Energiewacht Stage One: Gunnewijk Named Most Aggressive, Elvin Sprints to FifthWed 9 Apr 2014
Loes Gunnewijk earned the most aggressive jersey on the opening stage of the Energiewacht Tour while Gracie Elvin was the top finisher for ORICA-AIS in fifth place. Kirsten Wild (Giant Shimano), winner of four out of five stages last year, picked up where she left off, outsprinting Lizzie Armitstead (Boels-Dolmans) and Jolien D’Hoore (Lotto Belisol) to the top step of the podium.
“I was actually trying to help Mel [Hoskins] in the sprint, but there was a big crash in the last corner,” explained Elvin. “I was positioned on Kirsten’s wheel. I looked back immediately after the crash, and Mel wasn’t there. I stuck to Kirsten’s wheel the best I could and sprinted for myself. I was pipped on the line and managed fifth place.”
Winds split the bunch in the opening ten kilometres on the first of four 22.8 kilometre circuit laps. Elvin, Gunnewijk and Hoskins made the 28 rider selection. Behind the leaders, four additional groups took shape.
“We stayed toward the front and looked after each other,” Elvin explained. “There was a lot of wind today. It wasn’t really in the right direction for the course, so the bunch could never really put on enough pressure to break it up any further. Even if it wasn’t windy enough to split the bunch, it was definitely windy enough that we needed to stay at the front.”
“We would have liked to have better numbers when things first split up,” admitted Elvin. “We thought the group would gain more time as the race unfolded. Luckily, it came back together. We were a little surprised by that.”
Inside two laps left to race, the first and second groups on the road merged. The size of the group roughly doubled.
“Jessie [MacLean] had been in the second group, so we had four after the regrouping,” noted Elvin. “Rabobank and Lotto Belisol were racing aggressively, but nothing they did forced any additional splits. With a half-lap left, we were joined by another group. The whole field was pretty much there at that point.”
Gunnewijk had punctured just before the regrouping, and she was fighting her way back to the front group as the kilometres ticked down. Her efforts proved worthwhile as she reconnected with the bunch eight kilometres from the finish.

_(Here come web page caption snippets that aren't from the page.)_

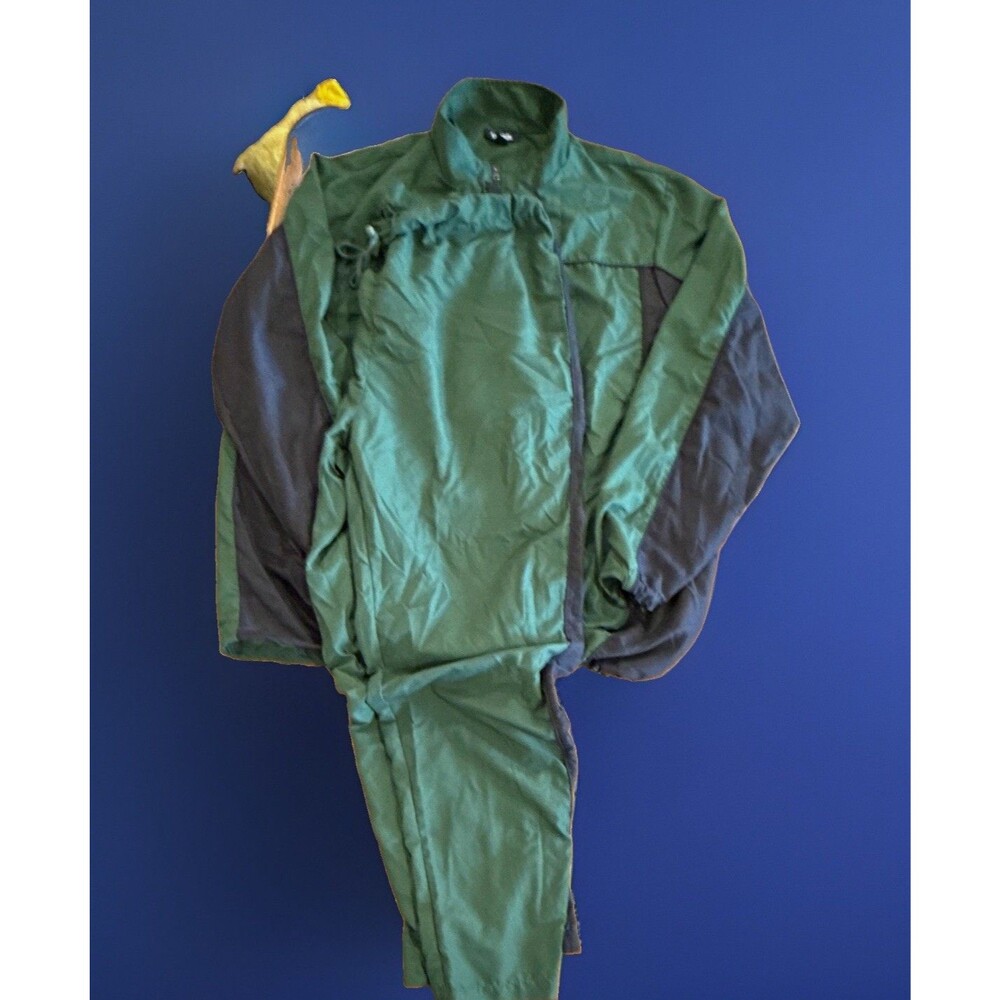 BIG & TALL KingSize Mens 2XLT Green/Black Colorblock Tracksuit Set W/Zip Jacket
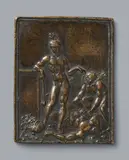 A cast bronze relief of David and Goliath, Northern Italy, 1st quarter 16th century by Northern Italy 1st quarter 16th century, Cast bronze with old patina. This plaque depicts the nude David leaning against a plinth with the severed head and body , sold May 2023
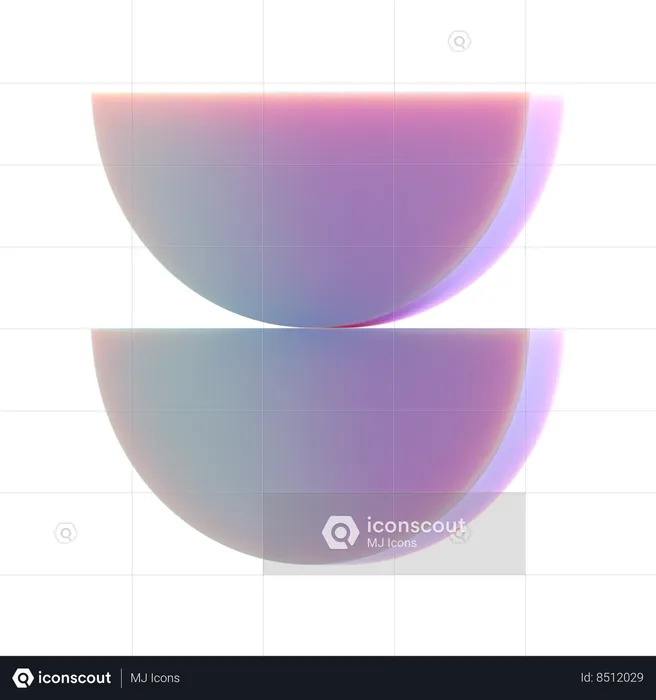 Double Half Circle  3D Icon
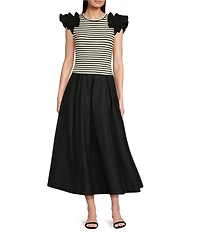 Gibson & Latimer Woven Poplin High Rise Pleated A-Line Flounce Maxi Skirt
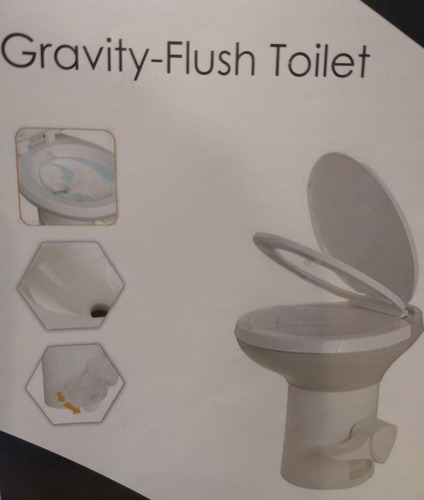 Inodoro Gravity Flush,casa Rodante,fijo A Pedal,nautico Sear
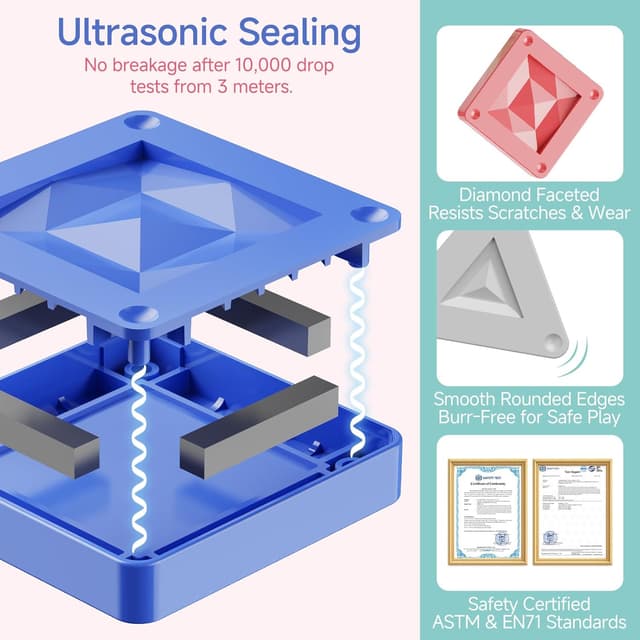 Detalle 2 de YOGOHEE Mattoncini magnetici da viaggio Montessori (40 pezzi) con scatola di latta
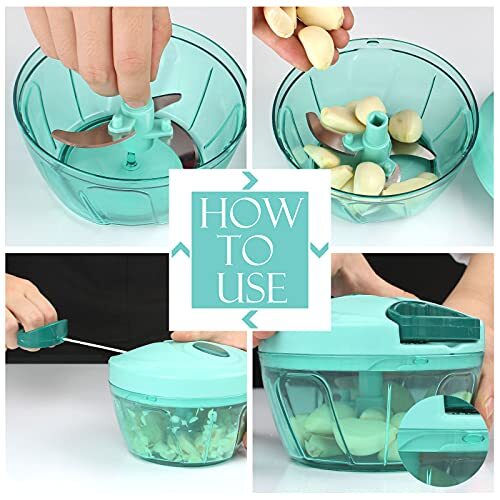 Manual Food Processor Vegetable Chopper, 2 Cup, Blue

“Loes had a mechanical with about 15 kilometre to go,” said Elvin. “She did a huge effort to get back to the bunch and come to the front again. Her wheel change was quite slow. She had to get the wheel off neutral, and it took her much longer than she would have hoped to get back to the bunch.”
Seven kilometres from the finish, Elvin attacked in an effort to avoid the seemingly inevitable bunch sprint. The peloton responded quickly, overtaking her within a kilometre.
“We didn’t really want it to be a big bunch sprint at the end,” said Elvin. “We had hoped to be sprinting from a smaller group with better numbers.”
With Elvin’s acceleration neutralised, the sprint trains came to the fore with Giant-Shimano flexing their muscles on the front of the bunch. Wild handily bested Armitstead. D’Hoore crossed the line with a bike length gap to the top two on the stage.
“We still have quite a few cards to play,” said Elvin. “The other teams showed their form and their tactics today. We definitely have an idea of the most likely scenarios we’ll face in the next few days.”
“The team is in good form,” said Elvin. “Hopefully we’ll get Mel up for a sprint in the next few days. It’s too early to say what will happen on the overall, but Loes and I are quite confident in the front, and that’s definitely an advantage.”